Die Sportredaktionen stehen vor dem Dilemma, einerseits ein tolles Sportevent „verkaufen“ zu wollen, andererseits auch über negative Aspekte wie etwa Doping berichten zu müssen. Schaffen sie es, diesen Konflikt zufriedenstellend zu lösen?
So ganz zufriedenstellend bestimmt nicht. Ich glaube, dass man noch mehr investieren, programmlich einbringen kann in die Berichterstattung über – ich nenn’s mal die Schattenseiten des Sports. Ob das jetzt Doping ist, ob das Korruption bei den großen Institutionen ist, usw. Wir bemühen uns darum, auch diese wichtigen Themen aufzugreifen, sie umfassend abzuhandeln in verschiedenen Sendeformaten, in Dokumentationen, in den Seriensendungen wie der Sportreportage oder im Aktuellen Sportstudio. Der Zuschauer will das Live-Erlebnis Sport haben, er will den Spitzensport erleben. Aber wir haben eine journalistische Pflicht, auch die Schattenseiten darzustellen.
Die kommende Handball-WM 2017 in Frankreich wird wohl nicht im Free-TV zu sehen sein. Müssen wir uns damit abfinden, dass sowas künftig aufgrund rein kommerzieller Erwägungen zunehmen wird?
Ja, das befürchte ich. Wenn die ganz großen Medienkonzerne mal richtig zugreifen, dann wird sich der Sportrechtemarkt national und international noch sehr verändern. Die Handball-WM ist ein Beispiel dafür. Hier geht es ja nicht darum, dass man sich finanziell nicht einigt, so weit ist man noch gar nicht. Es geht dabei hauptsächlich um die Ausstrahlungswege – inwieweit nach den Vorstellungen des Rechteinhabers Satelliten in Deutschland abgeschaltet werden sollen, um damit den so genannten Overspill zu verhindern. Das ist aber technisch einfach nicht möglich, weil dann viele Millionen Haushalte ausgeschlossen wären von einer Handball-Übertragung über den Satelliten Astra beispielsweise in Deutschland.
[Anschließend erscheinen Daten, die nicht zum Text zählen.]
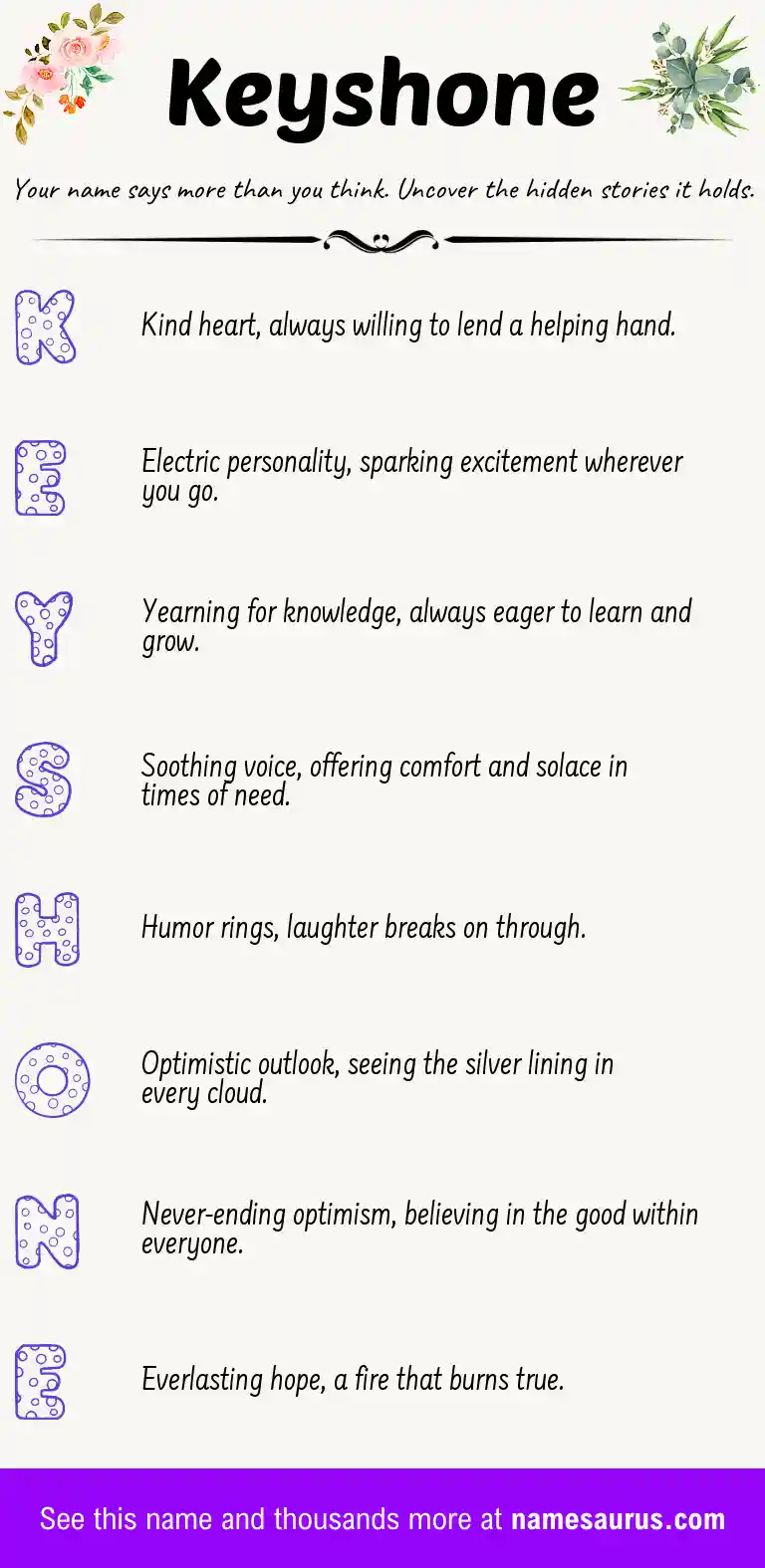 Acrostic poem about Keyshone.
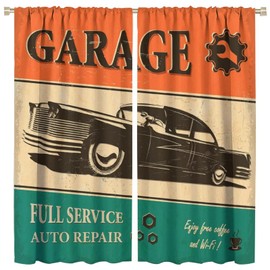 GoDazzling Vintage Car Blackout Window Curtains, Garage Retro with Classic Car Automobile Mechanic Nostalgic 50s Rod Pocket Window Treatment, for Living Room Bedroom 42x45in 2 Panels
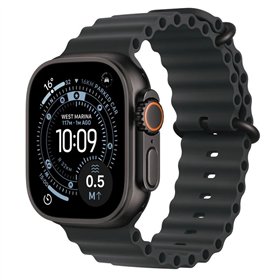 Apple Watch Ultra 3 Titanium 49mm Αδιάβροχο με eSIM και Παλμογράφο (Black Titanium Case with Black Ocean Band)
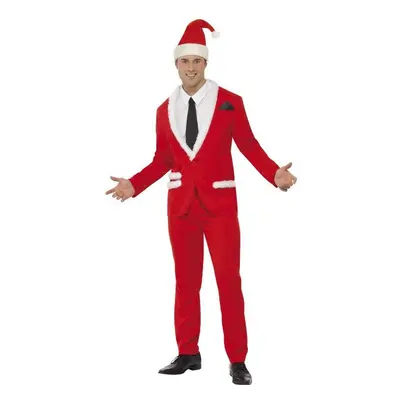 Smiffy's Adult Men's Santa Cool Costume, Jacket, Trousers, Hat, Mock Shirt And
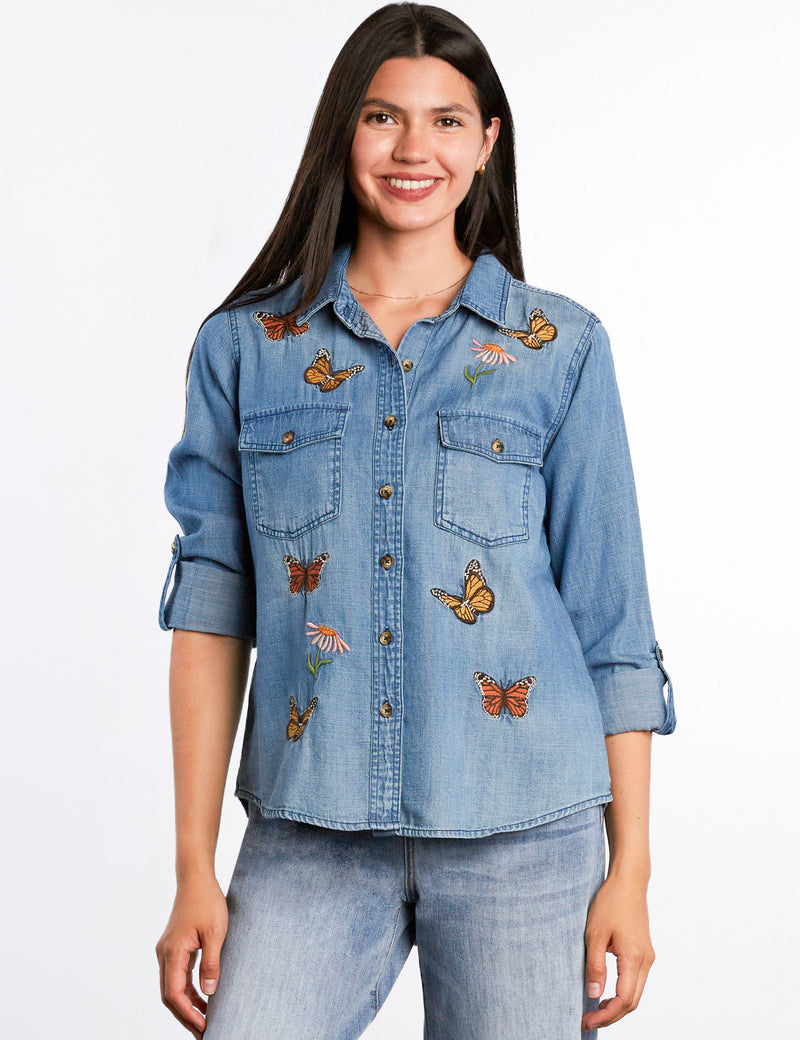 Women's Fashion Washed Denim Butterflies Embroidered Shirt 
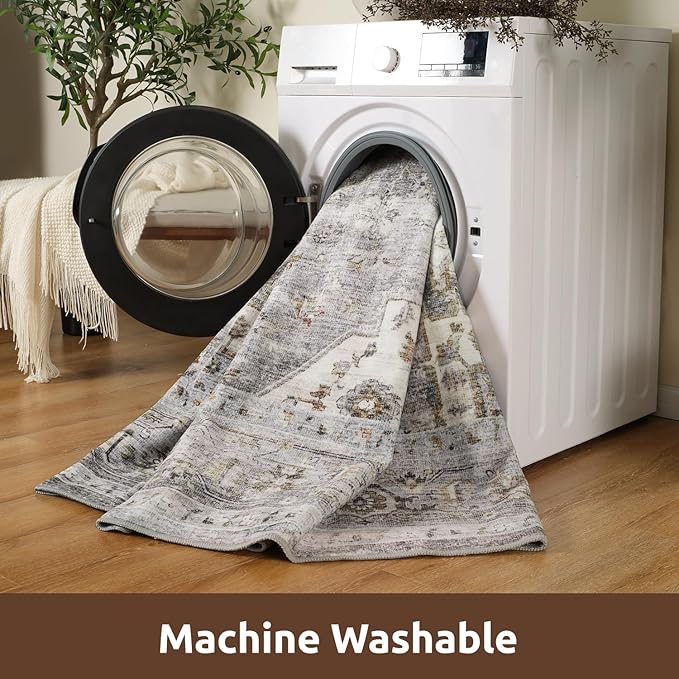 AMOAMI-2X10 Runner Rug-Washable Runners for Hallways-Soft Non Slip Bedside Rugs for Bedroom-Vintage Long Rug for Hallways Entryway Laundry Room Stair Kitchen Bathroom Grey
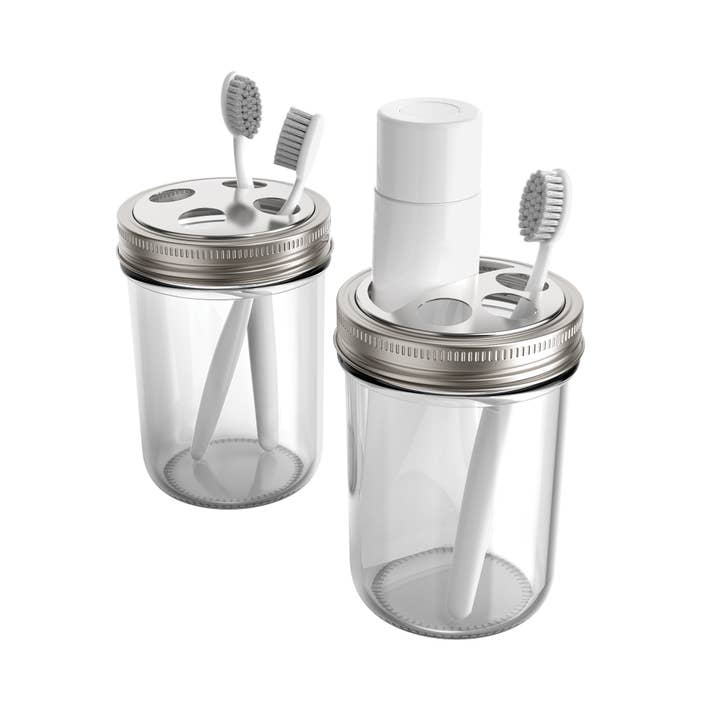 Fox Run Brands - Wholesale Toothbrush Holder - Jarware Toothbrush and Toothpaste Holder Lids, Wide Mouth
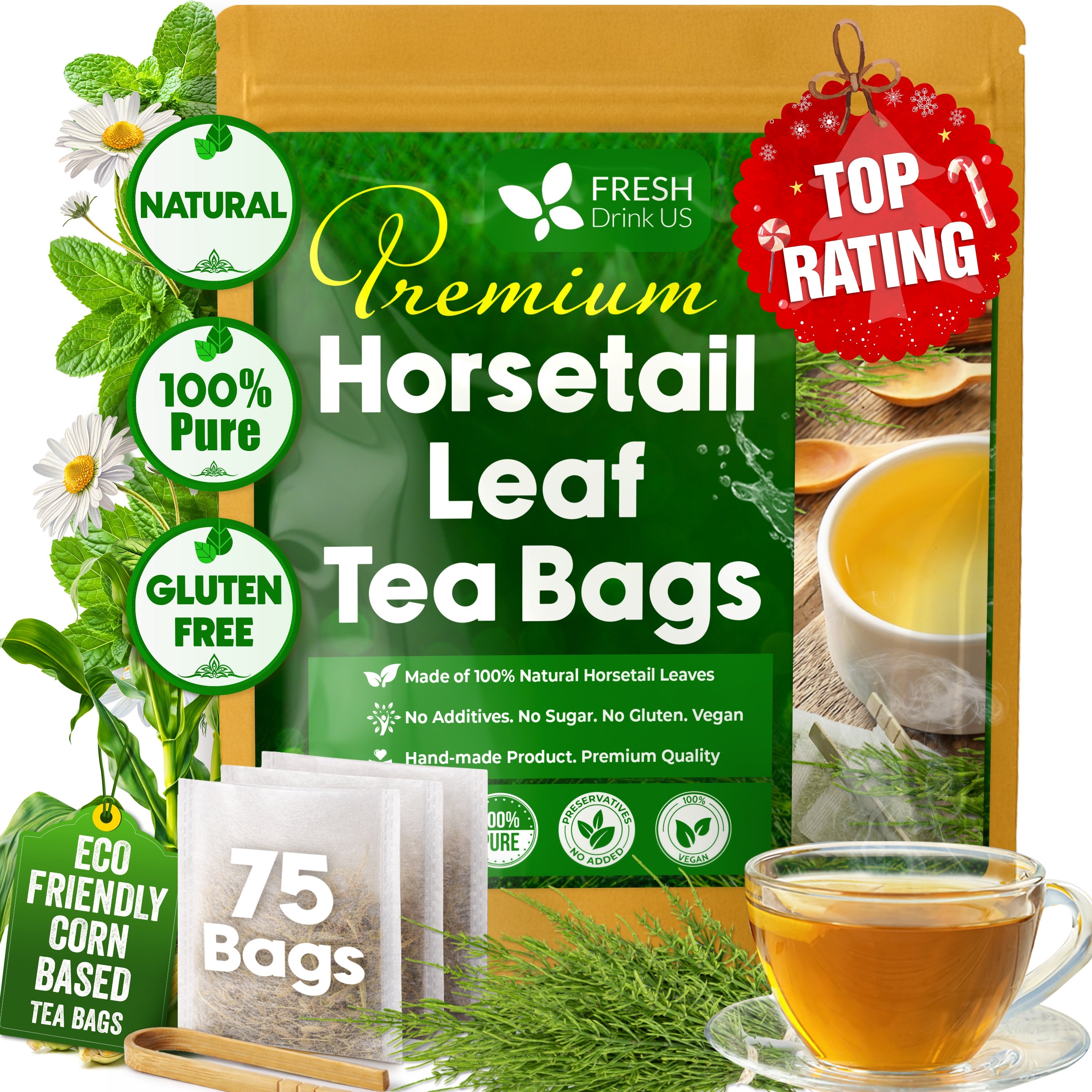 Premium Horsetail Leaf Tea Bags, 100% Natural & Pure from Horsetail Loose Leaves Herbal Tea. No Sugar, No Caffeine, No Gluten, Vegan. by FreshDrinkUS - Natural and Premium Herbal Tea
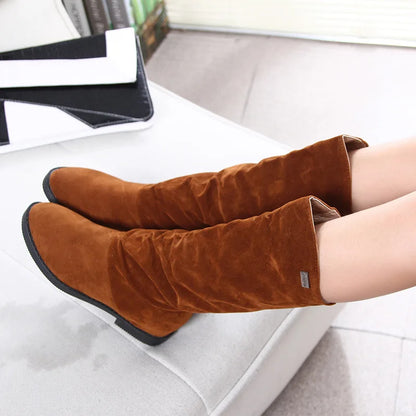 Women's Boots Winter New European American Fashion Frosted Mid-calf Women's Boots Low Heel Plus Velvet Knight Boots for Women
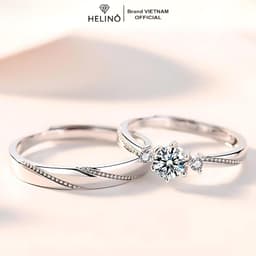 Thumbnail Nhẫn đôi bạc nam nữ S925 HELINO Love at first sight đính đá cao cấp, tự chỉnh size ND01 4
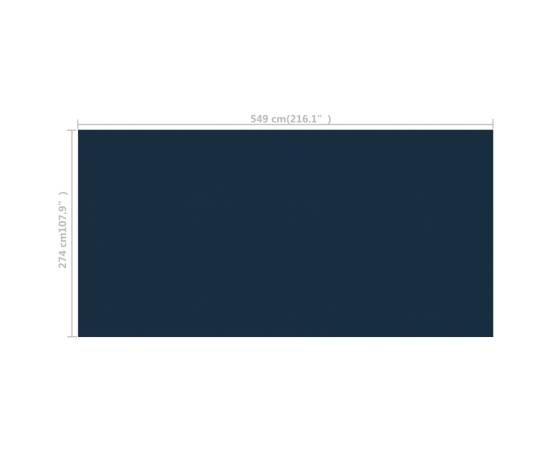 Folie solară piscină, plutitoare, negru/albastru 549x274 cm pe, 5 image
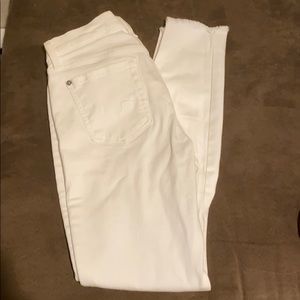 7 For All Man Kind White Ripped Jeans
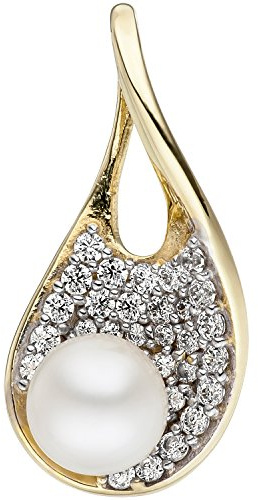 Jobo Damen-Anhänger aus 9 Karat 375 Gold mit Perle und 35 Zirkonia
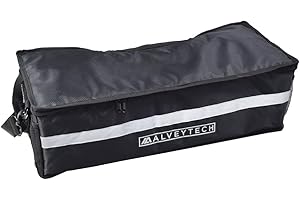 AlveyTech Universal Rear Insulated Cargo Bag (Black) - Fits Any ATV 4-Wheeler, Including Coleman AT125-EX - Durable, Wear-Res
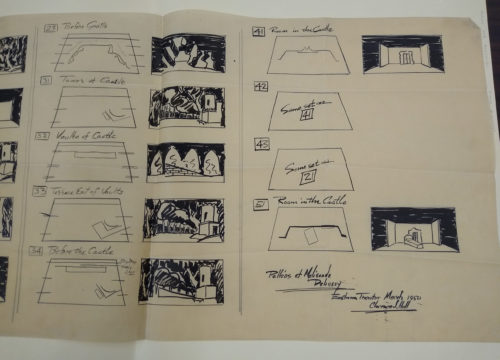 The set design drawings by Clarence J. Hall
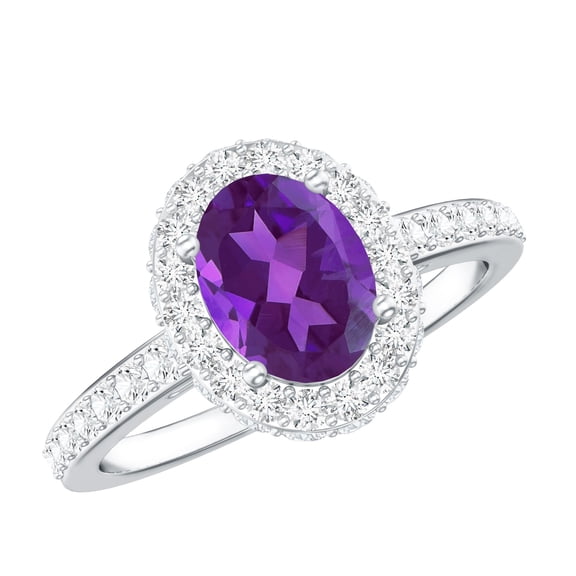 Rosec Jewels Oval Shape Amethyst Ring with Moissanite Halo for Women - 1 Carat - AAA Grade, 925 Sterling Silver, US 4.00
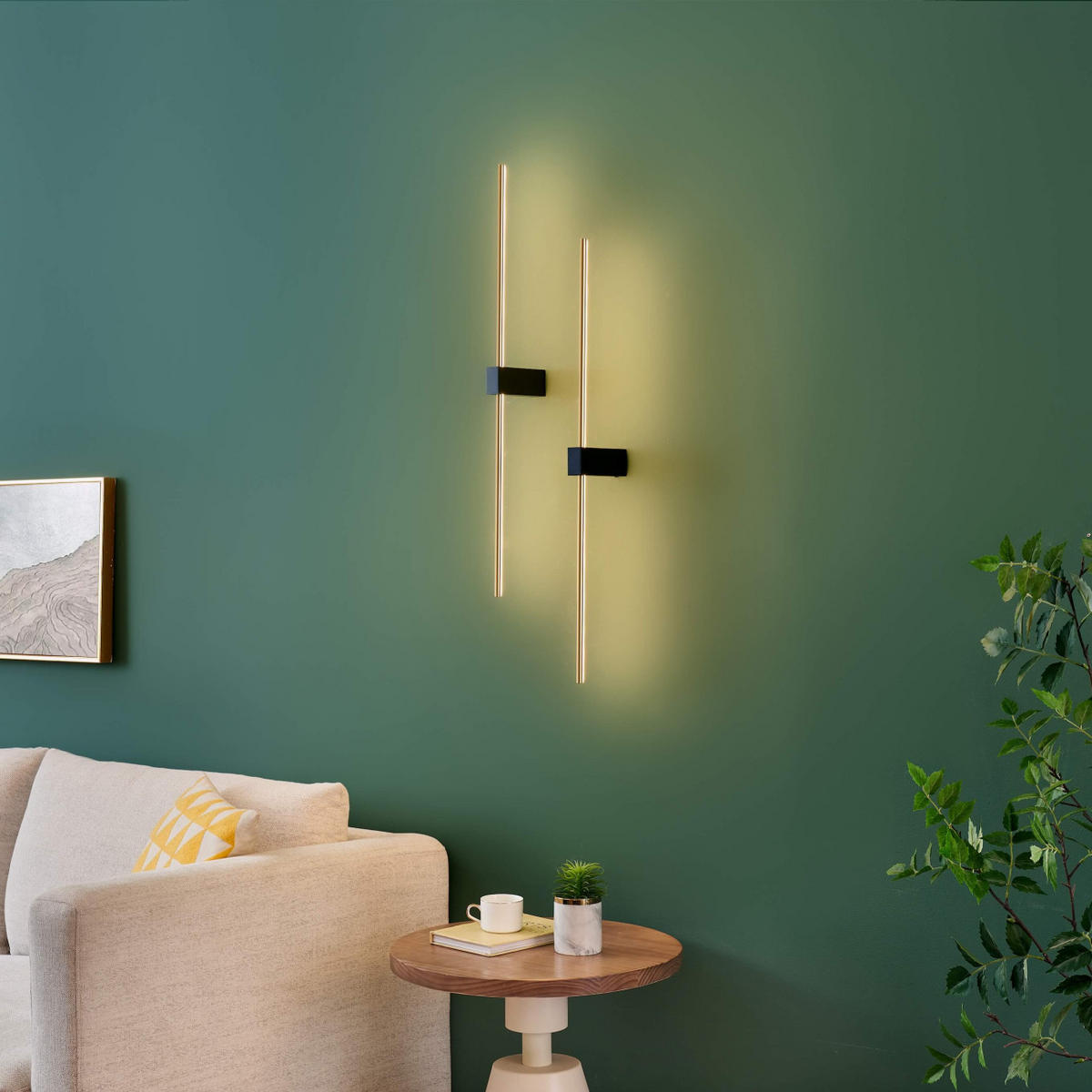 WANDLEUCHTE Edeline, Schwarz und gold, 80cm - Goldfarben, Metall (13/80/13cm) - KOSILUM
Wenn global player wie Google, Amazon, Discovery bis hin zur Deutschen Telekom künftig verstärkt auf den Sportrechtemarkt drängen – was bleibt dann noch für ARD und ZDF?
Ich glaube, dass ARD und ZDF nach wie vor über eine große Kompetenz im Bereich des Sports verfügen. Dass wir attraktive Inhalte von großer Qualität und vor allen Dingen auch die Verbreitung anbieten können. Nehmen wir zum Beispiel die Bundesligen im Handball, Eishockey oder Volleyball – da gibt es einerseits Verträge mit privaten Online-Anbietern, mit Plattformen, was die Live-Berichterstattung betrifft und es gibt das Ziel, eine möglichst große Verbreitung zu erreichen. Die bekommt man dann eben bei ARD und ZDF, die in zusammenfassender Form über die Bundesliga-Spieltage berichten. Diese Mischform ist für uns in Ordnung, damit können wir auch zunächst gut leben. Und solange dies noch möglich ist, bin ich nicht gar so ganz pessimistisch.